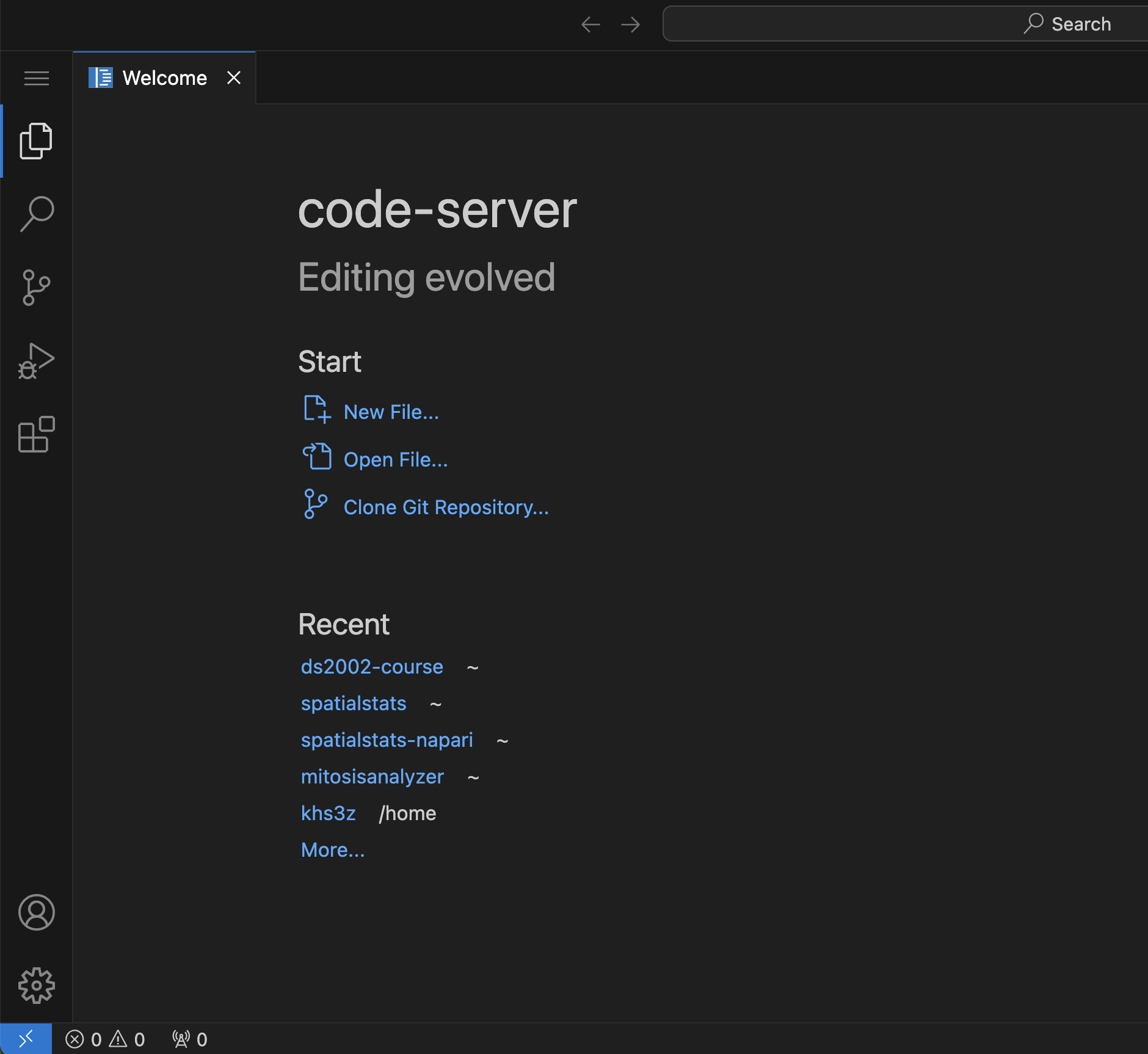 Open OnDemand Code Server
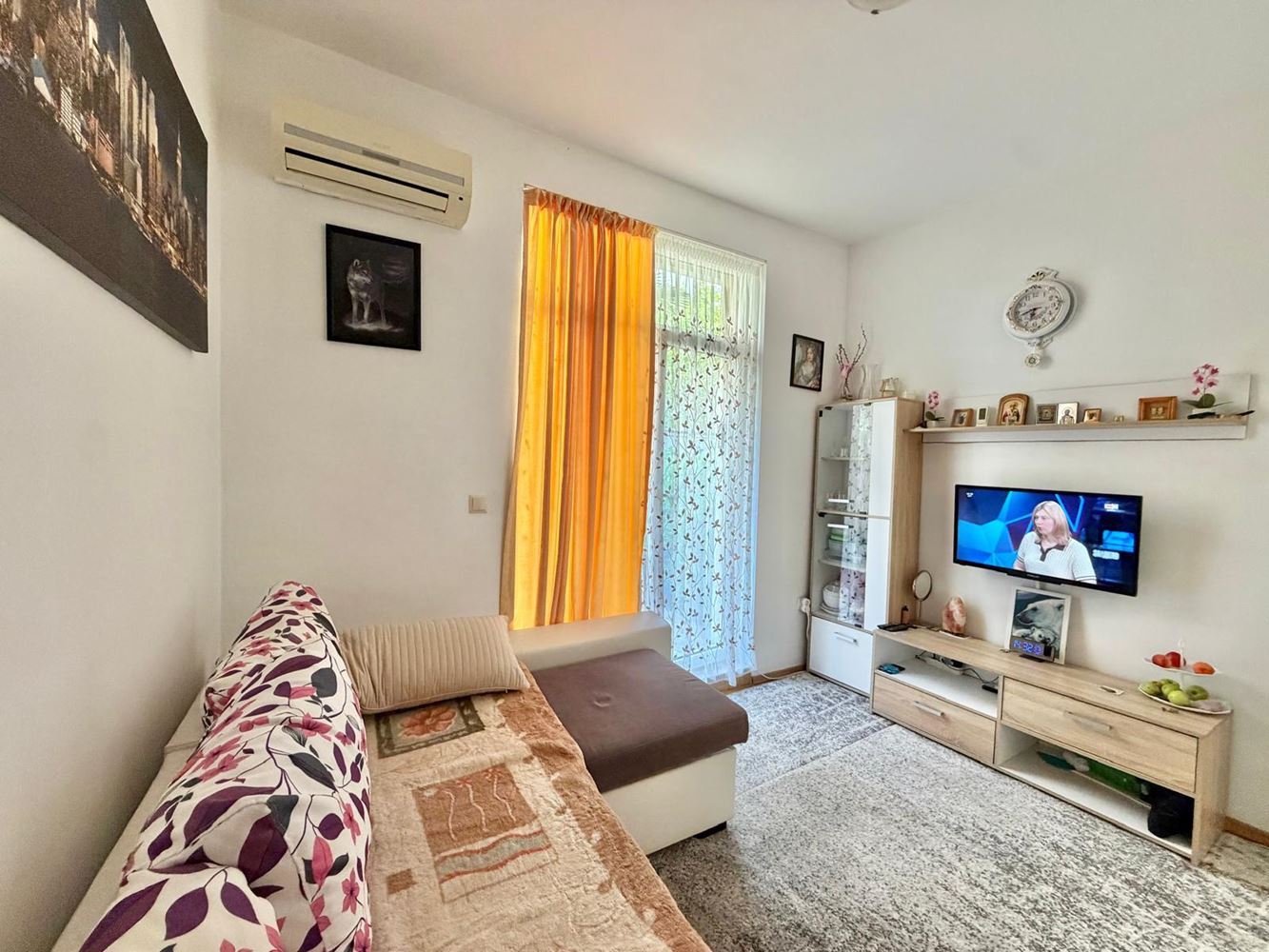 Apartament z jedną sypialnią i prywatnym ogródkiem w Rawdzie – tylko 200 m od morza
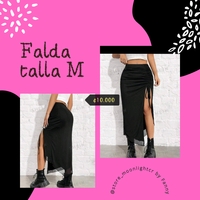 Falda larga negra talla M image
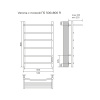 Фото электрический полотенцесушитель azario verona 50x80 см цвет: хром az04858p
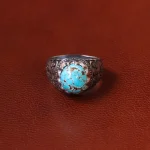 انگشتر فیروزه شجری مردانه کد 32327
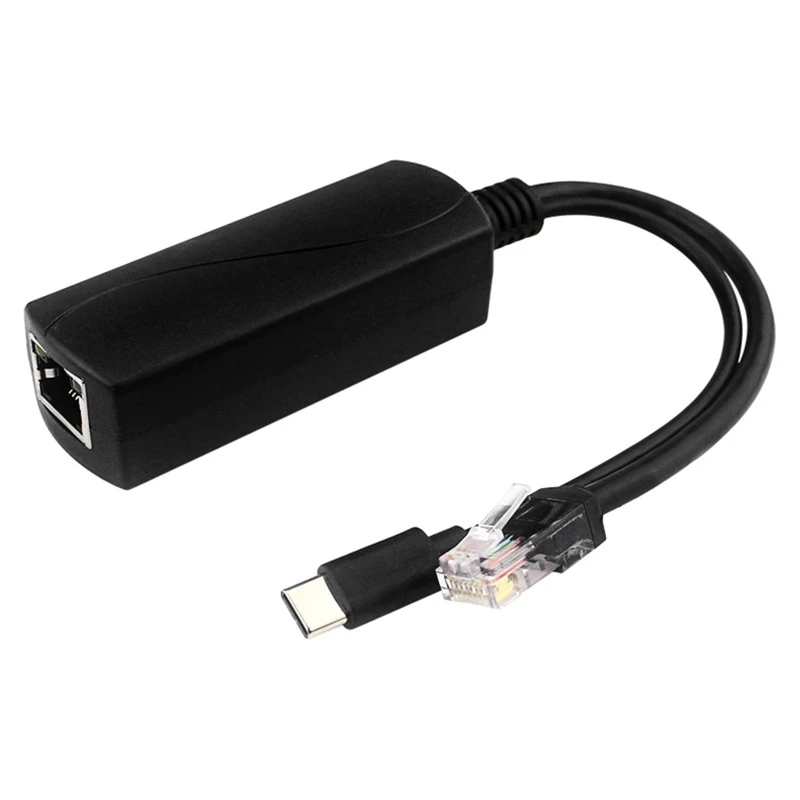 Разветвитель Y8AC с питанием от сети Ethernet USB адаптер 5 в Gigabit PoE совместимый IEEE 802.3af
---
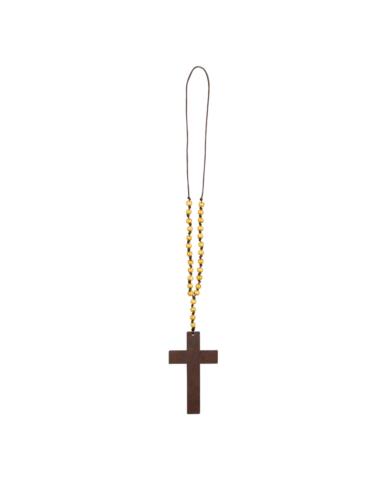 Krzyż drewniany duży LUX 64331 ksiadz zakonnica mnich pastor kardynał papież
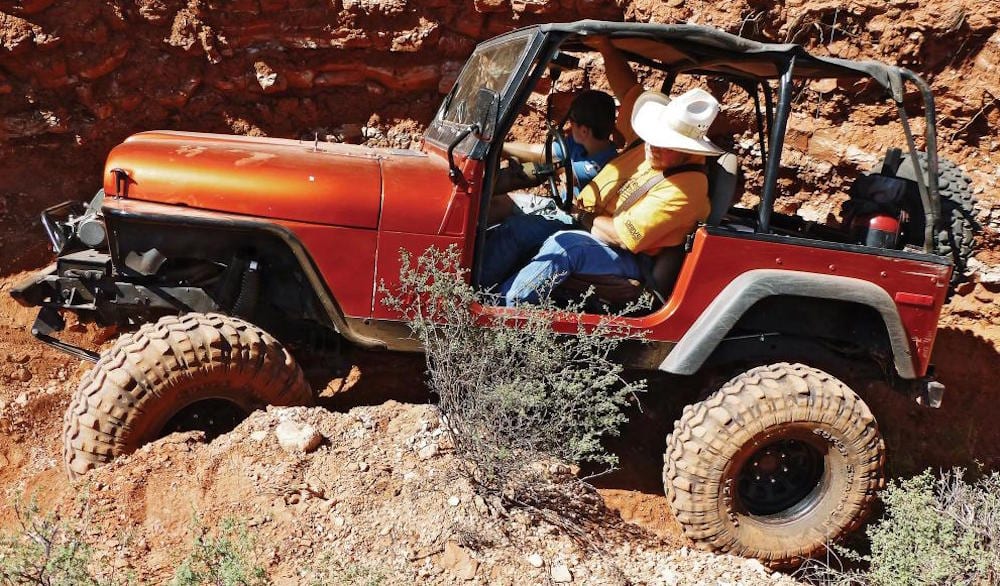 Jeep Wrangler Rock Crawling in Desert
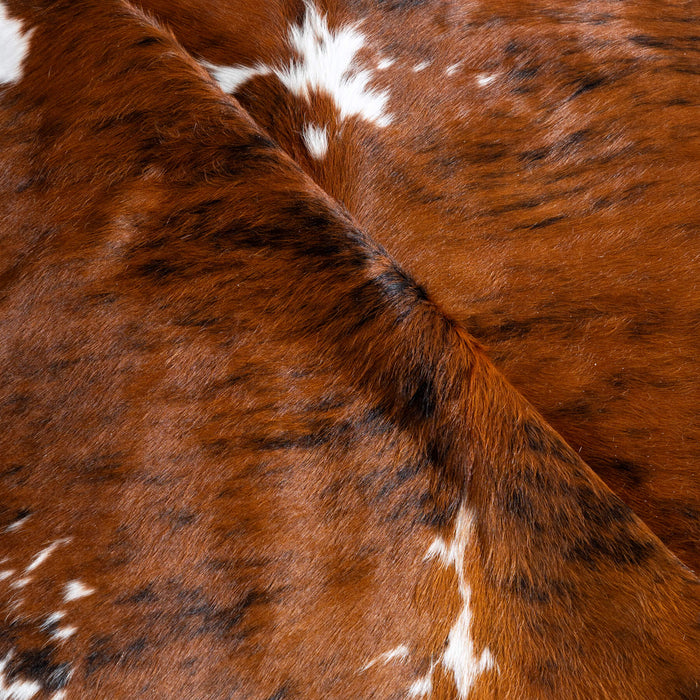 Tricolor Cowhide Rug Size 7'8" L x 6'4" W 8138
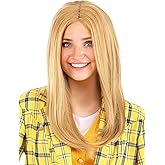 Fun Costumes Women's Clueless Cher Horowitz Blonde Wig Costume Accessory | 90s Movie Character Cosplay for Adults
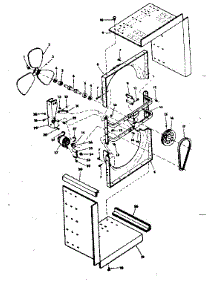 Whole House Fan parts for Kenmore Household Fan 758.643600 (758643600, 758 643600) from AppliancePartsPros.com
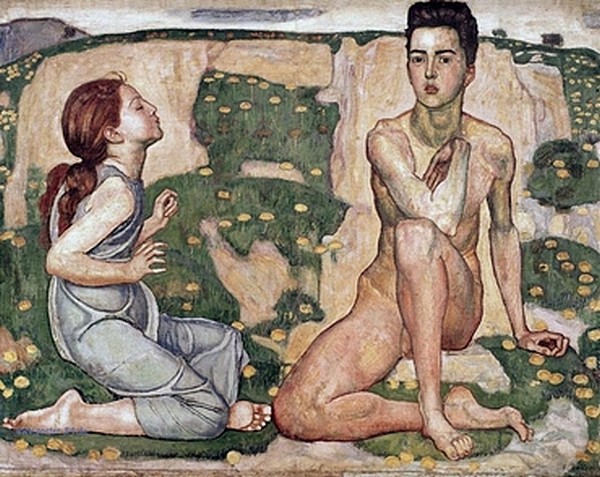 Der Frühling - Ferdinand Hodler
---
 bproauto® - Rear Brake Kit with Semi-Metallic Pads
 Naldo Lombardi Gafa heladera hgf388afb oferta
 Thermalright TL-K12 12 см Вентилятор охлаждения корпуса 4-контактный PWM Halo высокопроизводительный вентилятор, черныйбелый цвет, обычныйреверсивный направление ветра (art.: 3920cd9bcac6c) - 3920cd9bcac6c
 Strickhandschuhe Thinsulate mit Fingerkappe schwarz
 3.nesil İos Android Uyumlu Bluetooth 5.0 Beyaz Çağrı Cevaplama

[Work request]: Set down, exactly as written above, each line from the one with "Whole House Fan" through the one with "Der Frühling - Ferdinand Hodler", and skip the pictures.

[Your solution]:
 Whole House Fan parts for Kenmore Household Fan 758.643600 (758643600, 758 643600) from AppliancePartsPros.com
 Der Frühling - Ferdinand Hodler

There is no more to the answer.